In their public letter, 12 NGOs, including ADF International, Open Doors USA, the Global Peace Foundation and others have called for “the reauthorization of the Global Magnitsky Act” and “greater use of the Act against gross violators of religious freedom.” They argue that “the current Global Magnitsky Act, as well as other sanctions and humanitarian aid tools, continue to be vital as the world addresses the atrocities being committed in Ukraine.”
Effective sanctions tool
The Global Magnitsky Act has formed the basis for targeted sanctions against religious freedom violators. Andrew Brunson, an evangelical pastor based in Turkey, was held by Turkish authorities for over a year without charges based on spurious and discriminatory allegations of terrorism. When those officials who were responsible for his detention faced Global Magnitsky sanctions, he was finally released in 2018.

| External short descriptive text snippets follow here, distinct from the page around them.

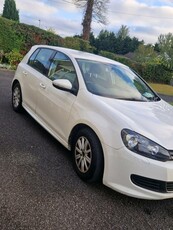 2011 - Volkswagen Golf Manual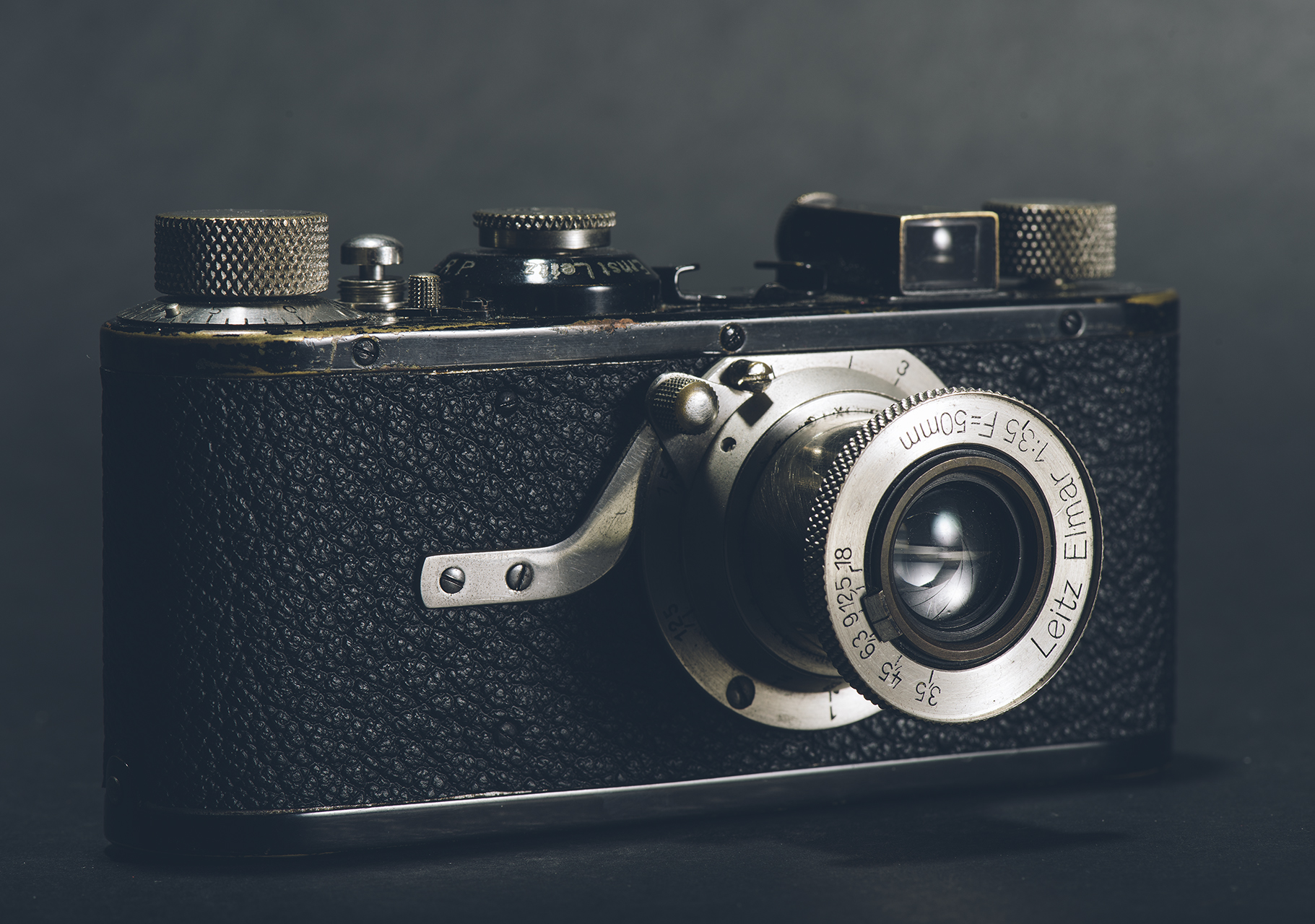 1930 Leica 1A "Hockey Stick" with a 3.5/50mm ELMAR lens. The A stands for the American model. The first commercial 35mm camera.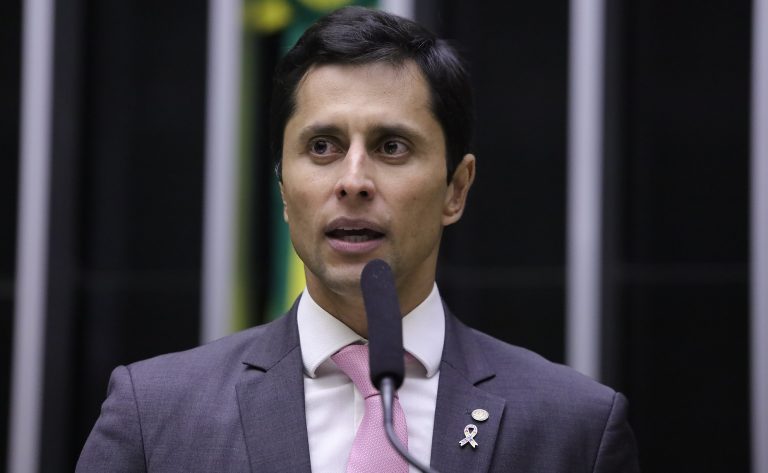Deputado Duarte Jr. fala ao microfone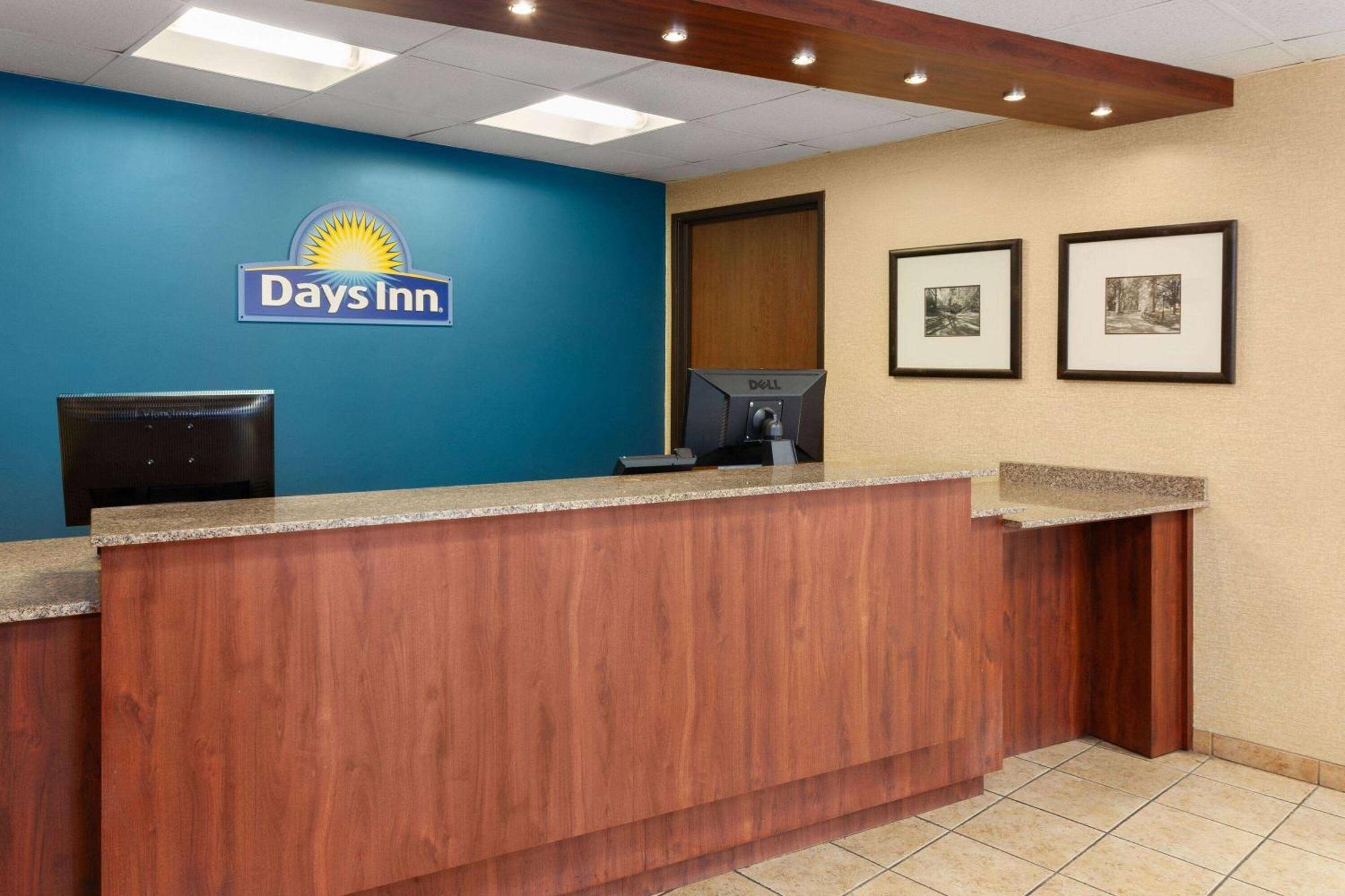 Days Inn By Wyndham Rockford I-90 Casino District Экстерьер фото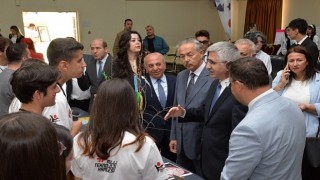 Türkiyenin Geleceğini Genç Beyinler İnşa Ediyor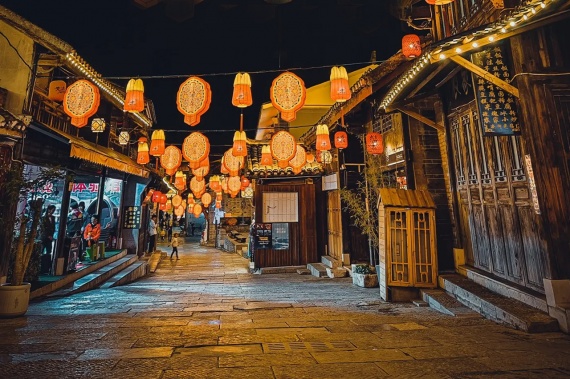 康輝旅游網(wǎng)<夕陽紅全陪班  鄭州出發(fā)貴州全景雙臥9日游>懷化.梵凈山.銅仁.安順.黃果樹瀑布.西江千戶苗寨.鎮(zhèn)遠(yuǎn)古城.荔波.小七孔. 南花苗寨.織金洞.茅臺(tái)鎮(zhèn).三渡赤水.遵義會(huì)址.紅軍山.白宮.百里杜鵑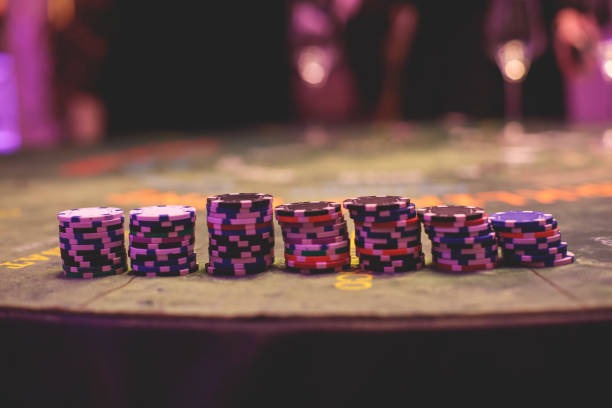 Close-up of live Hot Pot game results displayed on screen with real-time dealer action and betting terminals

In order to retain the Act’s effectiveness, the NGOs call for the retention of the Act’s current “gross violations of internationally recognized human rights” standard. Others have argued that the current “gross violations” standard is insufficient for religious freedom cases and propose to replace it with a “serious human rights abuse” standard. The NGOs, however, highlight the sufficiency and effectiveness of the current language, along with the problems the “undefined and inherently unpredictable” proposed new language and permanent reauthorization raises. Instead, the NGOs argue that “the Act should be used more frequently to sanction gross violators of religious freedom, as unfortunately, individuals and communities are coming under increasing assaults because of their faith from persecutors around the world.”
Numerous Senate and House members have raised similar concerns about the proposed new language while calling for the reauthorization of the Global Magnitsky Act under the current “gross violations” standard.